Shaadi.com, a popular site used by people looking for marriage, has come under fire for allowing users to filter results by skin tone. The filter is a troubling indictment of the issues of colourism in South Asia, where being light-skinned is so desirable that skin bleaching products are sold openly in shops. By Sadia Nowshin.
Shaadi.com is designed for South Asian singles. The site acts as the modern middle-man between potential matches who want to settle down.
The option to filter by skin tone was born out of the mindset rooted in many South Asian societies where the fairer your skin, the more attractive you’re considered. Following a huge backlash spearheaded by user Hetal Lakhani, the site removed the feature.
Inspired by the BLM movements, colourism has come under new criticism.

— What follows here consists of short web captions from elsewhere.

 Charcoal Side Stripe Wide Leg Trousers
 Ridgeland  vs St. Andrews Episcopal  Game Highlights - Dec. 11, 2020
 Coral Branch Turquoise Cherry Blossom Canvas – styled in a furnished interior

Bollywood stars who showed their support for the protests, but also endorse skin-lightening products were branded hypocrites. Profiting off the idea that lighter skin is more attractive meant their BLM statements felt empty and performative.
Also under fire for hypocrisy is Unilever, as sales of their skin-whitening product ‘Fair & Lovely’ continued to boom at the same time that the company released statements condemning racism. The lightening products made the company over $500 million last year in India.

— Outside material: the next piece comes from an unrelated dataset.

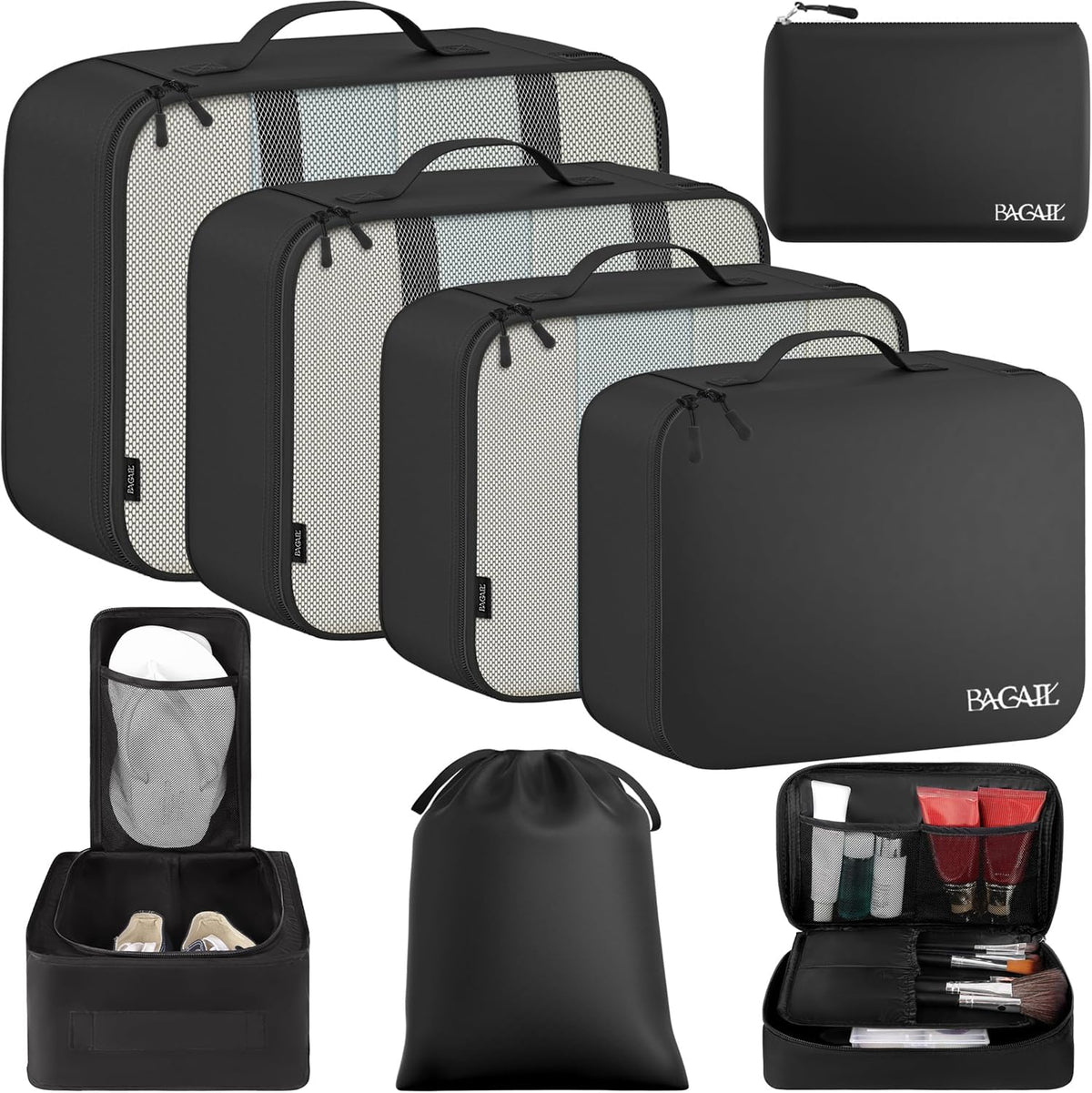 BAGAIL 8 Set Packing Cubes Luggage Packing Organizers for Travel Accessories-Jet Black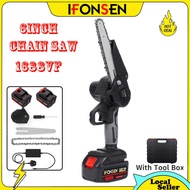 In stock IFONSEN 21V Electric Cordless Brushless Chainsaw 6 Inch Chainsaw Power Saw With High Power Wood Pruning Cutter Gergaji Elektrik Mesin Potong Pokok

Though colourism and anti-black racism are two independant issues, they’re rooted in a similar mindset that lighter skin = better.

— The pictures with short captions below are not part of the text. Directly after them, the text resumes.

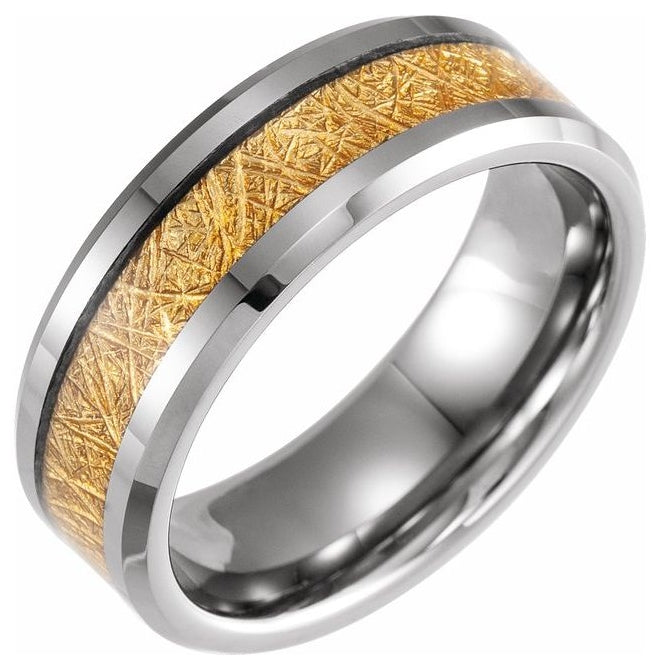 Tungsten 8 mm Beveled-Edge Imitation Gold Meteorite Inlay Comfort-Fit Flat Band
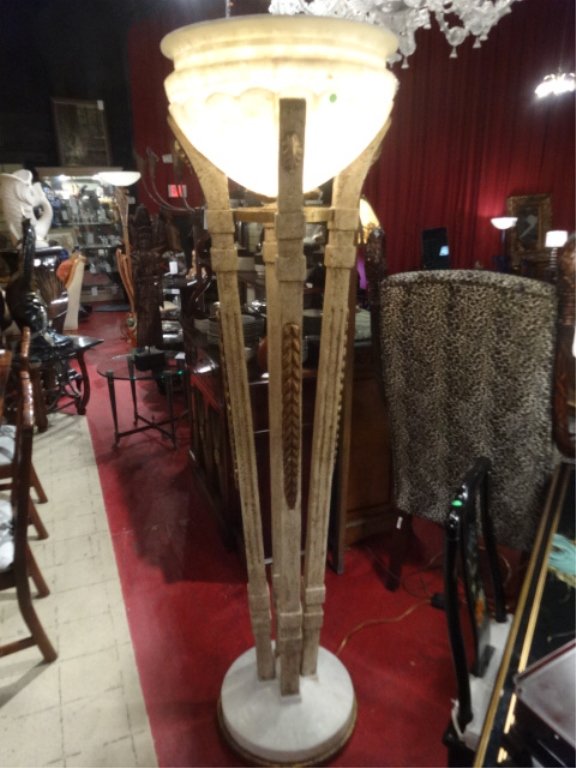 LARGE NEOCLASSICAL TORCHIERE FLOOR LAMP, METAL BASE (1 of 7)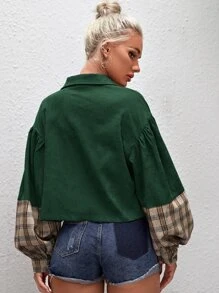 SHEIN EZwear Tartan Panel Corduroy Crop Shacket - Dark Green - View 2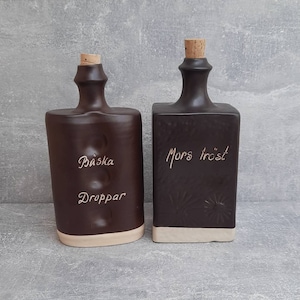 Vintage Krukmakaren Höganäs Keramik. 2 bottles. Bäska Droppar Mors Fröst. Hoganas Stoneware. Scandinavian Design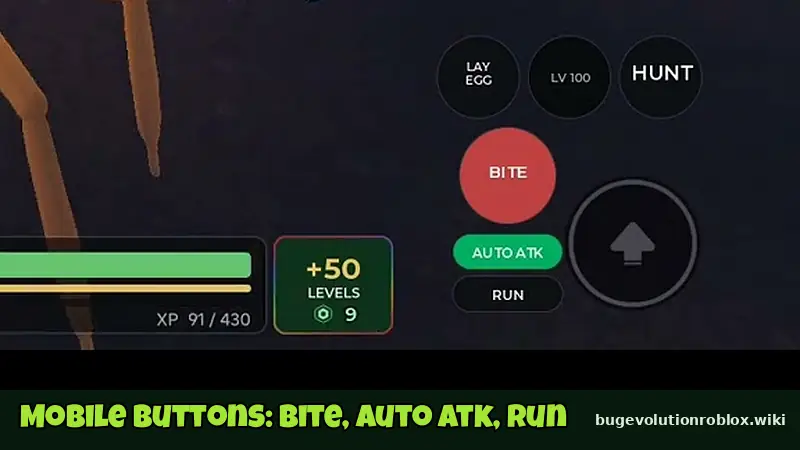 Close-up of Bug Evolution mobile HUD buttons including Bite, Auto Atk and Run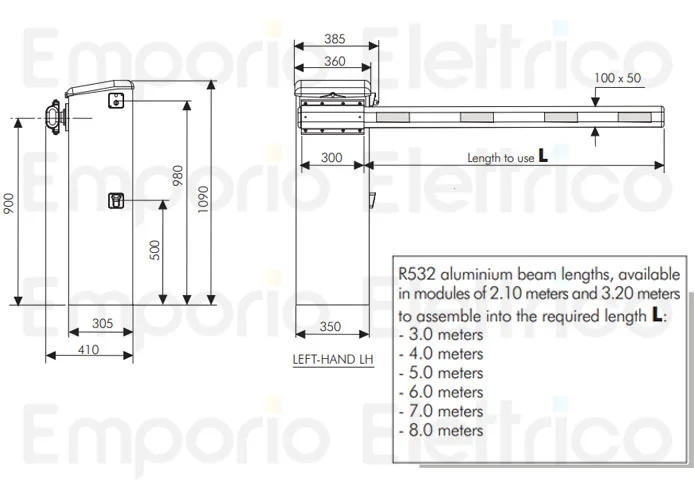 fadini 5.30 m aluminium pole with two pieces, a module and LEDs 9864l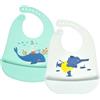 Vicloon Bavaglino in Silicone, 2 Bavaglini con Vaschetta di Raccolta, 6 Pulsanti Regolabili, Senza BPA, Bavaglini per Bambini, Facile da Pulire, Impermeabile per Neonati e Ragazze, Elefante e Balena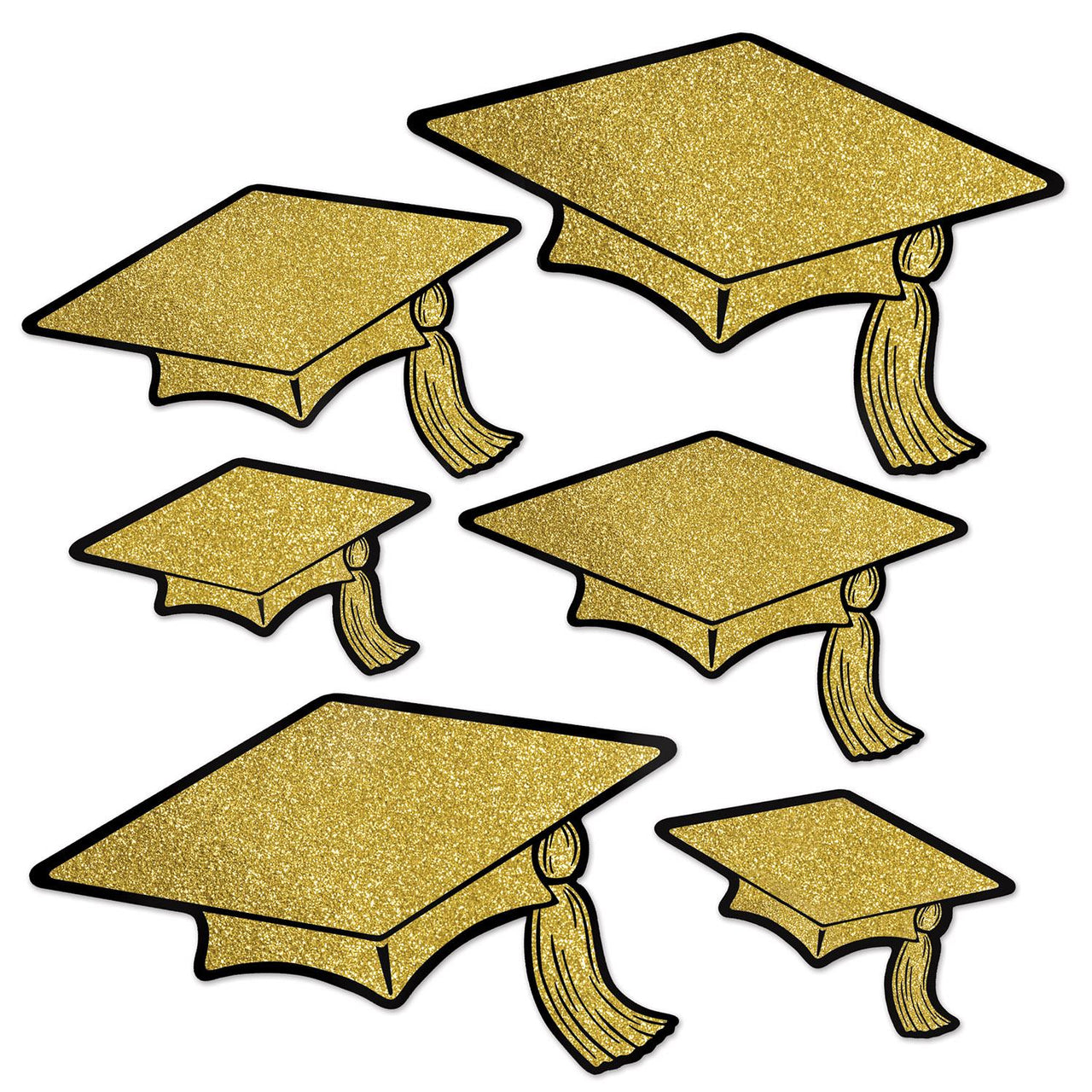 Glittered Foil Grad Cap Graduation Party Cutouts - Bulk 72 Pack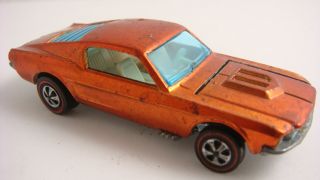 1968 Hot Wheels Redline - Custom Mustang - Us - Orange W/ Louvered Window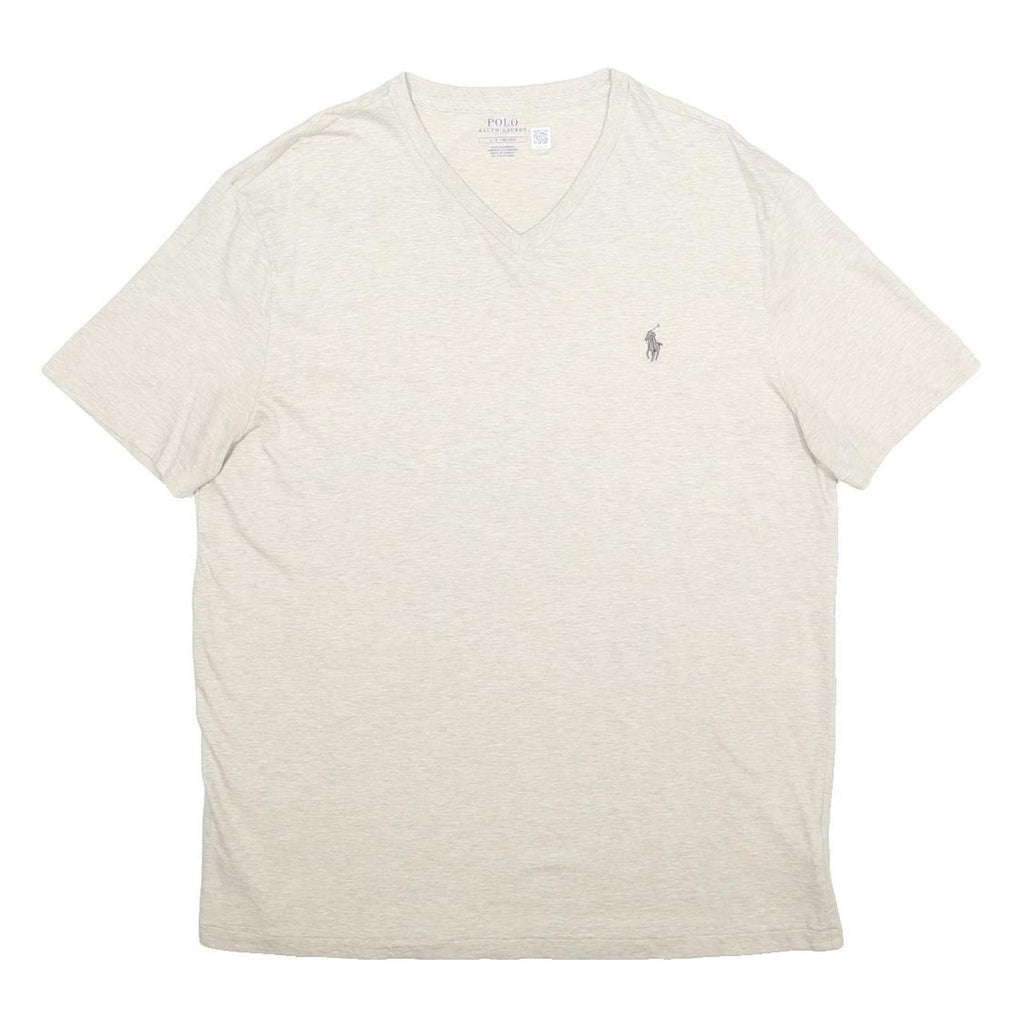 POLO RALPH LAUREN Mens Cream V-Neck Cotton T-Shirt L Classic Short Sleeve Casual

We’ve even seen this across popular media, where the idyllic female form is represented by a fair woman (see: every Disney princess before 1991’s Aladdin, and even then the 2019 live-action remake made Jasmine light-skinned with Eurocentric features).
Despite efforts to combat colourism, Shaadi.com’s filter proves that it remains a concerning issue within South Asian cultures.
However, the fact that people demanded it was removed could be a sign that change is to come. As we become more aware of these issues and more active in challenging them, the goal is to reach a day where everyone can feel comfortable and happy in their own skin tone.